Snapchat absent des radars de l'UE (mais pas du Royaume-Uni)

L'un des rares réseaux sociaux à avoir échappé à ce jour aux mises en garde européennes n'est autre que Snapchat. Particulièrement utilisée par des jeunes voire très jeunes internautes, cette application éditée par la société californienne Snap, Inc. a un fonctionnement sensiblement différent des plateformes réprimandées par l'UE. Sa carte virtuelle du monde, via laquelle les utilisateurs peuvent découvrir des stories selon les endroits depuis lesquels ces contenus ont été publiés, est toujours fonctionnelle en Israël et en Palestine malgré l'escalade de violence. Au niveau de la bande de Gaza, on peut par exemple y voir, au détour de scènes de la vie quotidienne, des Palestiniens réunis dans la rue autour de sacs mortuaires.

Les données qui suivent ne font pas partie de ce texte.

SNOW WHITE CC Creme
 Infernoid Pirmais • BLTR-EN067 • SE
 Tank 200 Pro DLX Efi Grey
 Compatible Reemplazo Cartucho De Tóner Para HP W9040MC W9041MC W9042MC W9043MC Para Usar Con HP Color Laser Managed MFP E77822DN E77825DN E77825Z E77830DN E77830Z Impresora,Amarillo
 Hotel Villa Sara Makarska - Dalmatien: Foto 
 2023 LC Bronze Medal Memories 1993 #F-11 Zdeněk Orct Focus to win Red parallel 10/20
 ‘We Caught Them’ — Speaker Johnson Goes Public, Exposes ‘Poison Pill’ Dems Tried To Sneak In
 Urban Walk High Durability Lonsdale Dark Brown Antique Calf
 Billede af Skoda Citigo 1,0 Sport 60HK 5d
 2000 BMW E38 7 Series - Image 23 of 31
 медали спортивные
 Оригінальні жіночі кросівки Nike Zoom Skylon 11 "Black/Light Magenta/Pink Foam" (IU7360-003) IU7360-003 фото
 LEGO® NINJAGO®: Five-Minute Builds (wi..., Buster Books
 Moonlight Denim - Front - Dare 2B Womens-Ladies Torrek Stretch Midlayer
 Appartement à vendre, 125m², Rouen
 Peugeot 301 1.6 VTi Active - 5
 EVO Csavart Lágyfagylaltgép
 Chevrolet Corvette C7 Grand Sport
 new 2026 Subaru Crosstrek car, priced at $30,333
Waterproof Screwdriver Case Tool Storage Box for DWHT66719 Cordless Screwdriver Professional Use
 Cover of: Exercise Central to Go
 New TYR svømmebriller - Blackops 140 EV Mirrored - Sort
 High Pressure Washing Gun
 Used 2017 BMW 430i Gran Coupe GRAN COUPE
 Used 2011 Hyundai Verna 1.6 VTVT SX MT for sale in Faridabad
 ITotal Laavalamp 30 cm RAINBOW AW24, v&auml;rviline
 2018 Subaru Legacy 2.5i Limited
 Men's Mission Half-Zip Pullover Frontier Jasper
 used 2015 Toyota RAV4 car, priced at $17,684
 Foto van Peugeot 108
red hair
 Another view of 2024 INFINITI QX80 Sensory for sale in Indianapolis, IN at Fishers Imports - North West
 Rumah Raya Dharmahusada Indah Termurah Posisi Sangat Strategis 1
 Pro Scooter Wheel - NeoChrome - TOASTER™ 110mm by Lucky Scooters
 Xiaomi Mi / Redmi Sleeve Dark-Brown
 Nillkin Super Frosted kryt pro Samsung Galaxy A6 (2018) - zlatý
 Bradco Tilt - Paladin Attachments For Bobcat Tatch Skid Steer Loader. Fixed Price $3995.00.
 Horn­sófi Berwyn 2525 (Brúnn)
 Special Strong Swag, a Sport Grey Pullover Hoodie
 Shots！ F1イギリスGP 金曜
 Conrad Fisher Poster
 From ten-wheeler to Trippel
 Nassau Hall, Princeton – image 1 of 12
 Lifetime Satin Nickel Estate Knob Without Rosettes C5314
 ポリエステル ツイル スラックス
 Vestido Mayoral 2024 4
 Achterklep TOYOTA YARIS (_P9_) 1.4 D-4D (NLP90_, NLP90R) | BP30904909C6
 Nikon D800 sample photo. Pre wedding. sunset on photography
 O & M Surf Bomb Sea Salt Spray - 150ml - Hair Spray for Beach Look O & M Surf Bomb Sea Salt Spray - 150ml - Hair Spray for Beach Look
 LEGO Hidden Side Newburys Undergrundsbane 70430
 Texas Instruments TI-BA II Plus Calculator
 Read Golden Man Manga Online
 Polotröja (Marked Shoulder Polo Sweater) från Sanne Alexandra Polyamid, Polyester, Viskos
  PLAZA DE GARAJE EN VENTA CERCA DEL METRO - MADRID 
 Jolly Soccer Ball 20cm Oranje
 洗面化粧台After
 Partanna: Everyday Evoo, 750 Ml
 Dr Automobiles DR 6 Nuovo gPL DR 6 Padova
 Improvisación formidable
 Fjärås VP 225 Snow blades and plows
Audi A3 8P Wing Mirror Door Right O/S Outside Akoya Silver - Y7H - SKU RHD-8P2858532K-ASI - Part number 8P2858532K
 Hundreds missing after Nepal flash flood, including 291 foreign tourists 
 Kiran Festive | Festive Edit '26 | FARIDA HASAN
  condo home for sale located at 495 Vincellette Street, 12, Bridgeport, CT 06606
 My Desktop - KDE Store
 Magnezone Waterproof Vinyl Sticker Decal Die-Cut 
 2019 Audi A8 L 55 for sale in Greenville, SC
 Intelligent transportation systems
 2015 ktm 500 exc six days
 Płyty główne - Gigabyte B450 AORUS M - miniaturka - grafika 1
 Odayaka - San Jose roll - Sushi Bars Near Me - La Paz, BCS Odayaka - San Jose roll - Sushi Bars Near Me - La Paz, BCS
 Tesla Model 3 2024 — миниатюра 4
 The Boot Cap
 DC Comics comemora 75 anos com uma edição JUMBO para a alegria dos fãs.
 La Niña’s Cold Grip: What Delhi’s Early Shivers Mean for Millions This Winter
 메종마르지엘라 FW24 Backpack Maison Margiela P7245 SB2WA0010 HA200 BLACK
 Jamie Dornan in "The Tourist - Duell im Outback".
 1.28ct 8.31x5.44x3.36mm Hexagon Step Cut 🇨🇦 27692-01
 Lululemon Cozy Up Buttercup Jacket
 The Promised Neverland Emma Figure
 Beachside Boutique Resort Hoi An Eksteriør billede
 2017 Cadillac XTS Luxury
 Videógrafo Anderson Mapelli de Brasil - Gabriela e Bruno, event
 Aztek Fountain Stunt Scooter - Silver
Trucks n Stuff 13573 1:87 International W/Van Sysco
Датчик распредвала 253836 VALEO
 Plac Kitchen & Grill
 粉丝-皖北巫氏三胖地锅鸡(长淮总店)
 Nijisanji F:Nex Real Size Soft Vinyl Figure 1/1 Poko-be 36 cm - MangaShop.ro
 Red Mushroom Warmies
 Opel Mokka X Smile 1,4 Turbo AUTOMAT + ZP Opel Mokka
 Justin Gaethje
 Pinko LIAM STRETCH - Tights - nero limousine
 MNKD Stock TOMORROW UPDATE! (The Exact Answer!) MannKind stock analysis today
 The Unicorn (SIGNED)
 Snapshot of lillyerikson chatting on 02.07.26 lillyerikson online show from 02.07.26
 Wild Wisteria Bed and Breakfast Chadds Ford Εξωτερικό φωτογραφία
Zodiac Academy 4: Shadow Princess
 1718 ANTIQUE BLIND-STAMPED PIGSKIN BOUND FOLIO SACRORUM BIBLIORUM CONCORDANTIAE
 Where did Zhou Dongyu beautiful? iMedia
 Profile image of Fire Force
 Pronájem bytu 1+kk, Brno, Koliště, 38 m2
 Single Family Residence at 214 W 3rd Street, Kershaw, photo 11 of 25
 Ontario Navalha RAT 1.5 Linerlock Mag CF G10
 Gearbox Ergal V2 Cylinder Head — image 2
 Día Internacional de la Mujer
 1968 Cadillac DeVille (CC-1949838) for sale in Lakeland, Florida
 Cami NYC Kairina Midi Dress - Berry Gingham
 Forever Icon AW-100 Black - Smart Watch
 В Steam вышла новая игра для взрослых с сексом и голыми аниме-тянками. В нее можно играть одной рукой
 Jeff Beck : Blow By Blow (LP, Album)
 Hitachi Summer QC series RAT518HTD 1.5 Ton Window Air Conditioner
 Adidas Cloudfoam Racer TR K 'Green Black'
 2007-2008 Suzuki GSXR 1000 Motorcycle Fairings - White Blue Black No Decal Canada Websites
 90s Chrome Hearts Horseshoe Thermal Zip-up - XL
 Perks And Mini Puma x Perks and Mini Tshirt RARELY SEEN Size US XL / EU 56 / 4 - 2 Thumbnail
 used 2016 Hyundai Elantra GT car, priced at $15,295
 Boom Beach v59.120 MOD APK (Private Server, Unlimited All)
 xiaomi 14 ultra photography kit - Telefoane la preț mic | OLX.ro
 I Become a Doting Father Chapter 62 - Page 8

Si la Commission européenne n'a jusqu'ici rien trouvé à redire sur la politique de modération des contenus mise en place par Snap, Inc., le Royaume-Uni a toutefois averti l'entreprise. D'après les informations du quotidien britannique The Guardian, Michelle Donelan, secrétaire d'État à la science, à l'innovation et à la technologie, a rencontré des cadres de X, Google, Meta, TikTok et Snapchat pour "discuter de la lutte contre les contenus violents et antisémites sur leurs plateformes". "Je leur ai demandé d'assurer le suivi et de détailler par écrit les plans qu'ils ont mis en place" pour retirer ces publications, a-t-elle affirmé.